Tag: Power Yoga

Living the Yoga Life

The Curse of Brilliance

Einstein at the Institute for Advanced Study, Princeton, New Jersey
Einstein at the Institute for Advanced Study, Princeton, New Jersey

When I was teaching yoga in Princeton, I had a number of students that made me nervous. 

These weren’t just any students; they were scholars at the Institute for Advanced Study – the place where Einstein spent his final two and a half decades as a faculty member.  These were some of the brightest minds in the world, and to make matters worse for me, some of them were from India, the birth place of yoga.

All I could do was present yoga from my point of view, and to my surprise, these students kept showing up.  It turned out that my fear, as is usual with fear, was totally unfounded.  These were people eager for a yoga practice, and as they opened up to me, I became aware of their special challenges.

The student’s minds were both a blessing and a curse.  They had incredible abilities to think, to reason, and to remember.  Many of them had been recognized as “special” early on and suffered under the burden of high expectations.  But the biggest challenge for most, if not all, was the tyranny of their over-active minds, the curse of brilliance.

One student described his mind to me as a race car speeding around a track, a race car that never stopped.  Not even for one second.  And there were memories that he wished to forget, but couldn’t.

At the Institute, they feel a special connection to Einstein, so we came to use him as an inspiration, a frame of reference for our practice.  Einstein was fond of play, of taking breaks from research.  I used his quote, “A person starts to live when he can live outside himself” to encourage self-inquiry and to wonder if our true existence transcends and incorporates more than just our bodies and minds.

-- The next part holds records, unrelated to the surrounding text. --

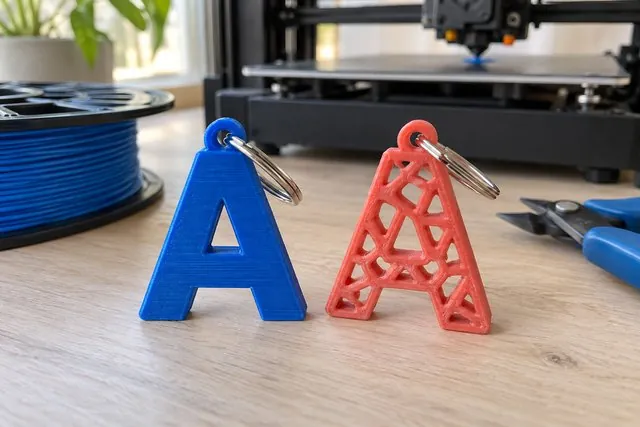 Два брелока-буквы, напечатанные на 3D-принтере: сплошная синяя и ажурная красная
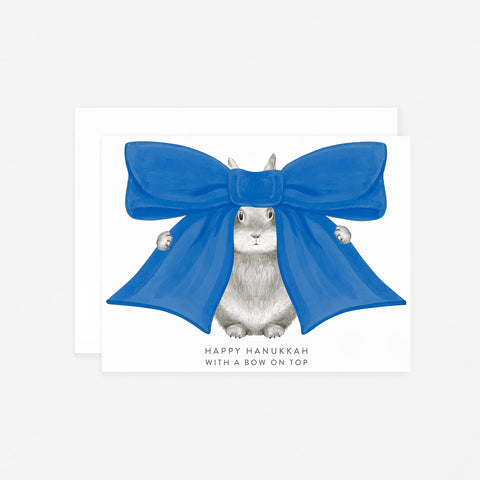 Dear Hancock Happy Hannukah With A Bow On Top Holiday Card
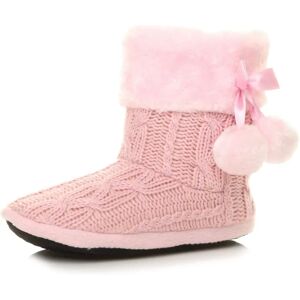 Ajvani Pink Winter Pom Pom Fur Lined Knitted Ankle Boots - Boots Ajvani Pink Winter Pom Pom Fur Lined Knitted Ankle Boots - Boots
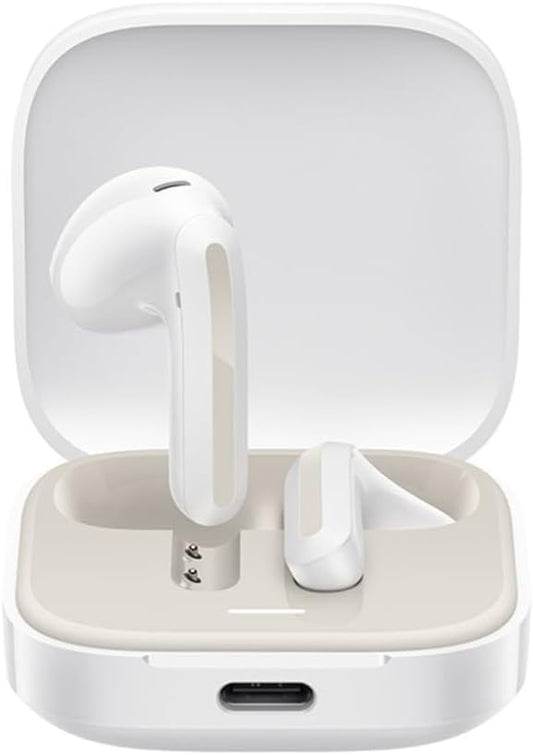 Xiaomi Redmi Buds 6 Active - Bluetooth austiņas, 30h akumulatora darbības laiks, trokšņu slāpēšana, IPX4, balts.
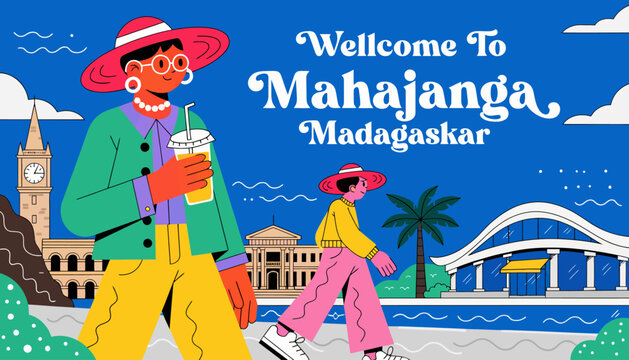 Vibrant illustration of Mahajanga, Madagascar with people walking and iconic landmarks, flat design.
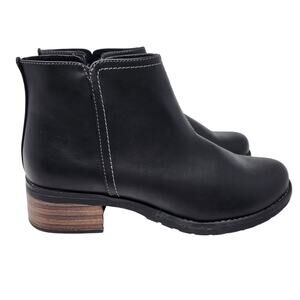 Eastland Black Faux Leather Juniper Block Heeled Bootie Ankle Boots Size 9 M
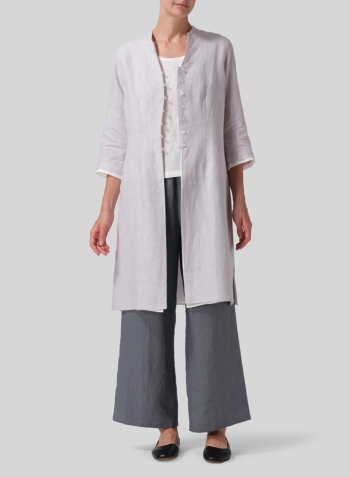 Warm Gray White Linen Double Layers Long Top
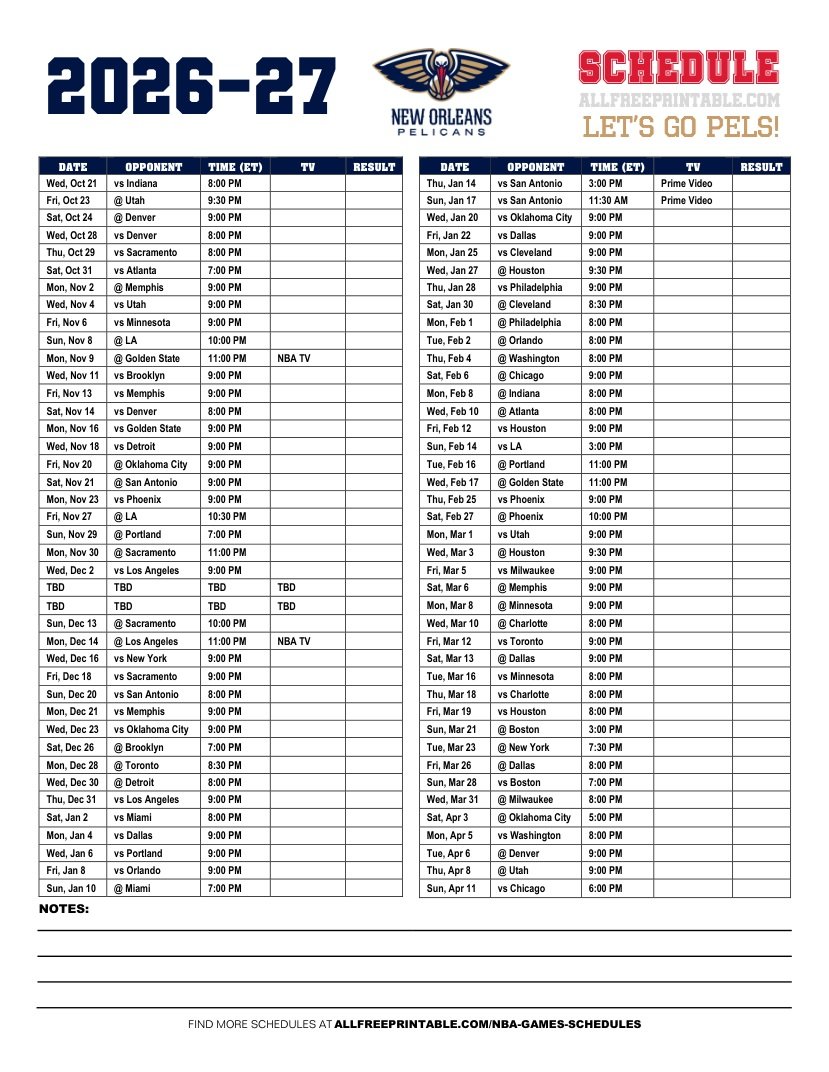 Free Printable 2026-27 New Orleans Pelicans Schedule PDF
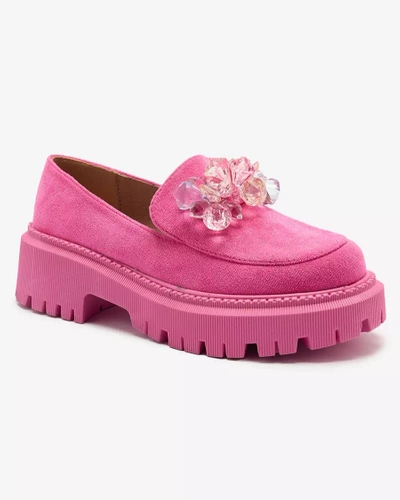 Royalfashion Fuchsia women's moccasins with colorful beads Hetika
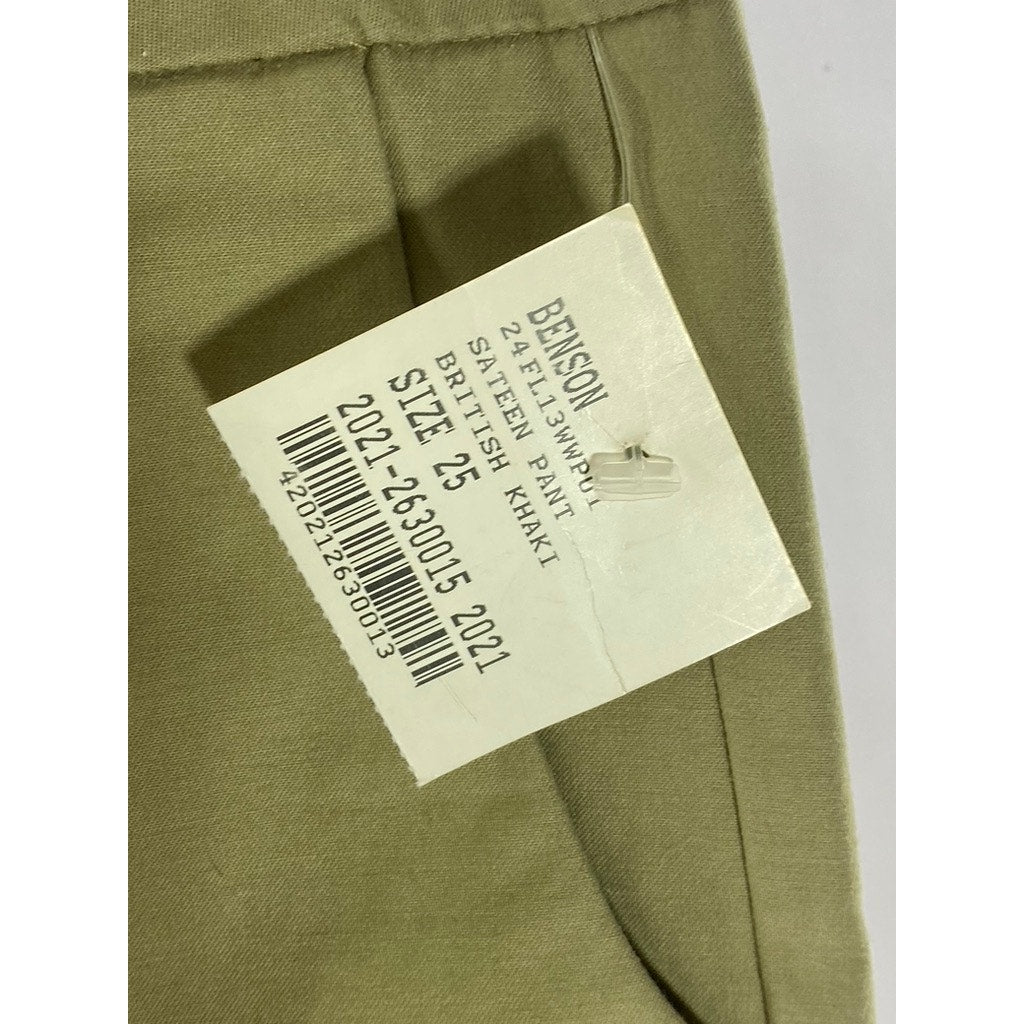 BENSON NYC Men's British Khaki Printed-Cuff Slim-Leg Sateen Pant SZ 25X28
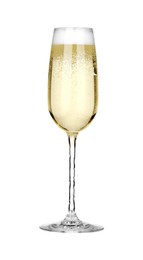 Champagne in glass isolated on white. Sparkling wine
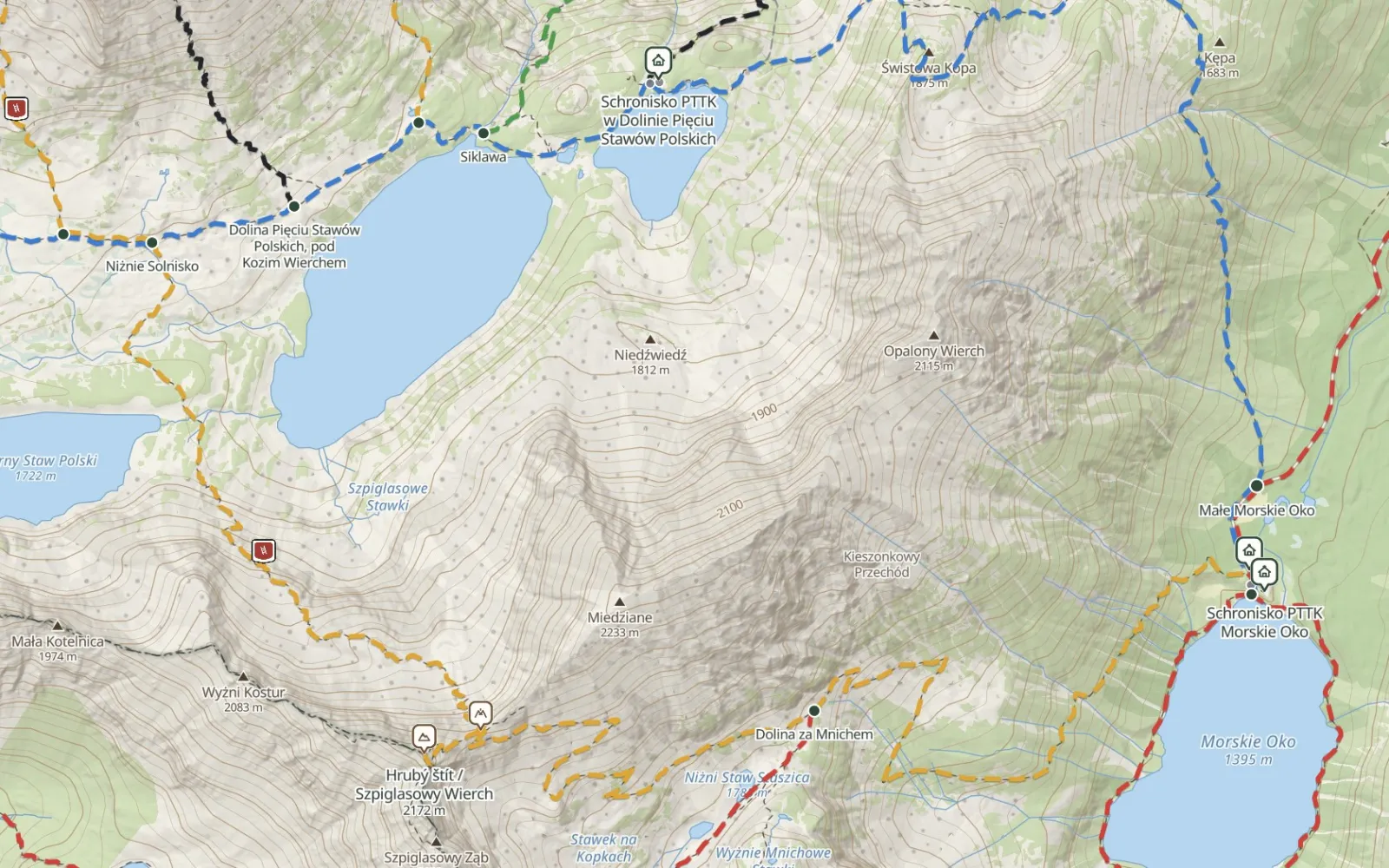 Mapa trasy Morskie Oko – Szpiglasowa Przełęcz – Dolina Pięciu Stawów Polskich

We found together, that even for the most active of minds, it is possible to step outside of the mind, to realize it as a tool, to give it the opportunity to take a much needed rest.  For some of these students, who had never given their minds a rest in their entire lives, this was one of the most rewarding feelings they could have, to final get a bit of a rest.  We surmised, with no proof other than observation, that the mind works even better after getting some rest and relaxation.

My classes, influence by these students, were often focused on the mind.  The beautiful thing was that we were able to experiment with my ideas and suggestions together, and they were able to report the results.

We found a number of things:

1.   Exercise helps to calm the mind.

2.   The mind is more receptive to relaxation techniques after exercise.

3.   You can bring yourself to realize that your mind in not you, but rather, it is a tool for your use.

4.   You don’t need to and shouldn’t believe all of your thoughts.

5.   You can train yourself to decrease, if not eliminate, repetitive thinking.

6.   Your mind, like other muscles, seems to have more energy and work better after giving it a rest.

It was amazing to see the benefits for these students over time – people who I was originally intimidated by, but whom I came to realize had their own specific challenges, like any of us.  I believed that the challenges they faced could be overcome, and I believe we are all capable of making these positive transformations in our own lives.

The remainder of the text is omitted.